WORK ORDER.
Repeat the data exactly as given below, dropping every picture.

DATA BELOW.
:::::
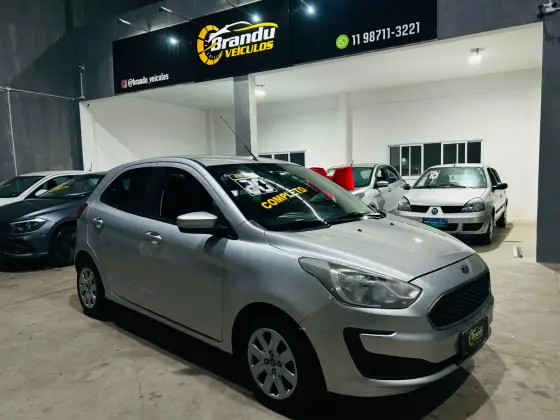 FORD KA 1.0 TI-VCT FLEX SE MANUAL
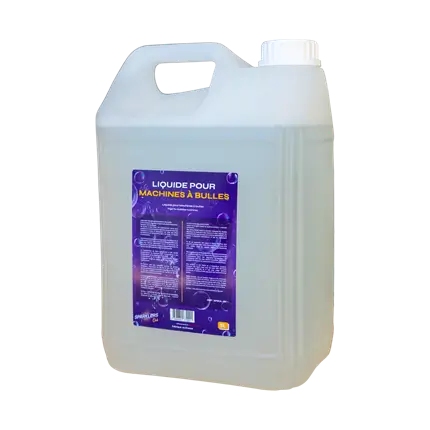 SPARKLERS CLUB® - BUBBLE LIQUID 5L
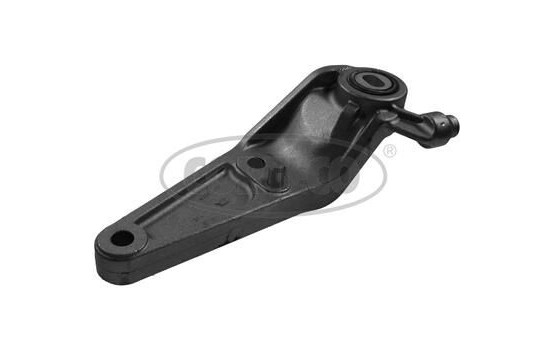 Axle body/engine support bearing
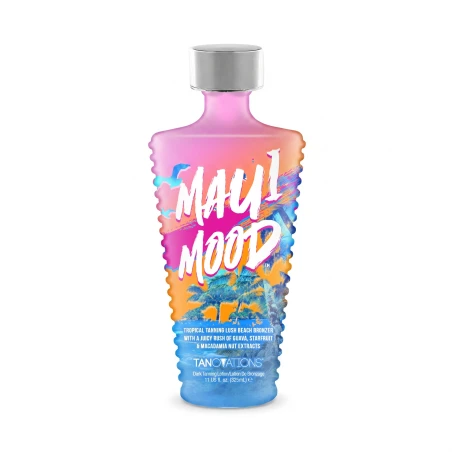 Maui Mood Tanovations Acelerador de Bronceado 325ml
:::::
TASK ANSWER.
 FORD KA 1.0 TI-VCT FLEX SE MANUAL
 SPARKLERS CLUB® - BUBBLE LIQUID 5L
 Axle body/engine support bearing
 Maui Mood Tanovations Acelerador de Bronceado 325ml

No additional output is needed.